> [WHAT IS BEING ASKED]: Output the line that contains "GỌNG KÍNH MOLSION MJ6117 B12 - Hover" together with each line after it, through the final line of the listing below, word for word; omit pictures.

> [SUPPLIED MATERIAL]:
....................

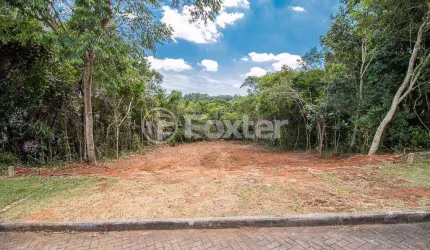 Terreno em condomínio fechado à venda na Avenida Senador Salgado Filho, 8500, Vila Augusta, Viamão, 338 m2 por R$ 330.000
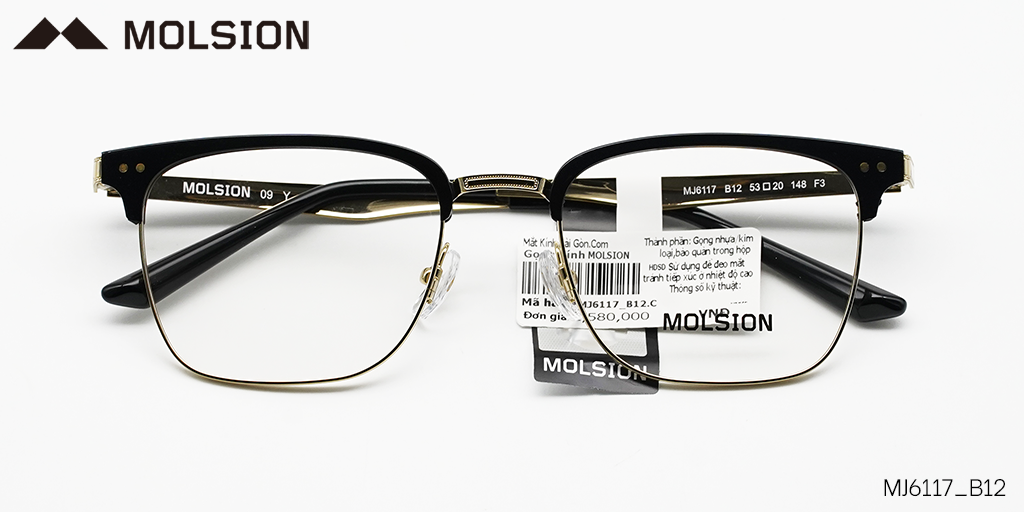GỌNG KÍNH MOLSION MJ6117 B12 - Hover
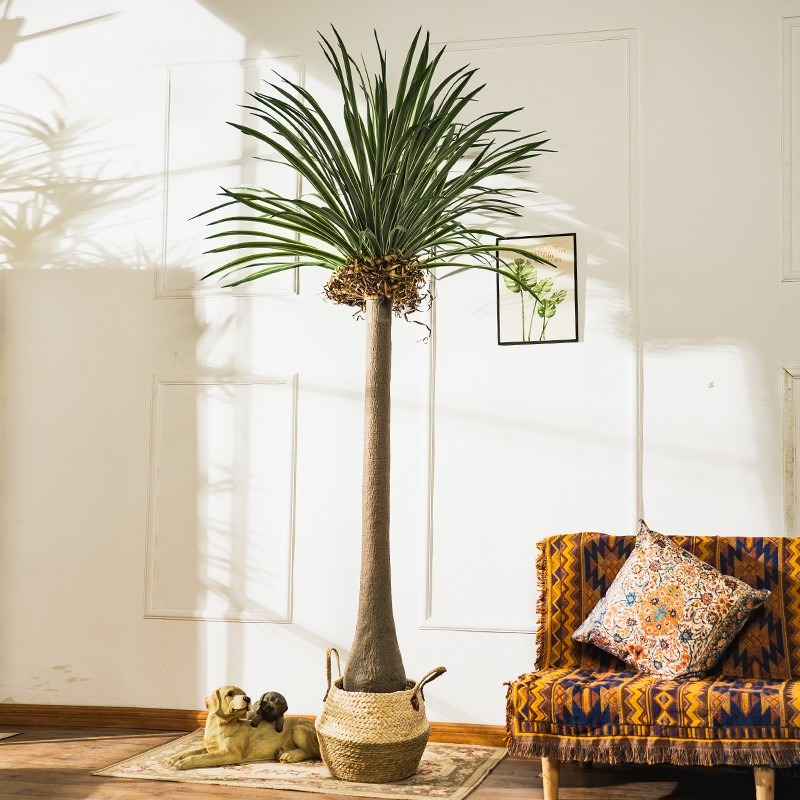 Realistische Dracaena Künstlic – Baby Clothing Stores Bewertung und Preis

....................

> [ANSWER TO THE EXERCISE]:
GỌNG KÍNH MOLSION MJ6117 B12 - Hover
 Realistische Dracaena Künstlic – Baby Clothing Stores Bewertung und Preis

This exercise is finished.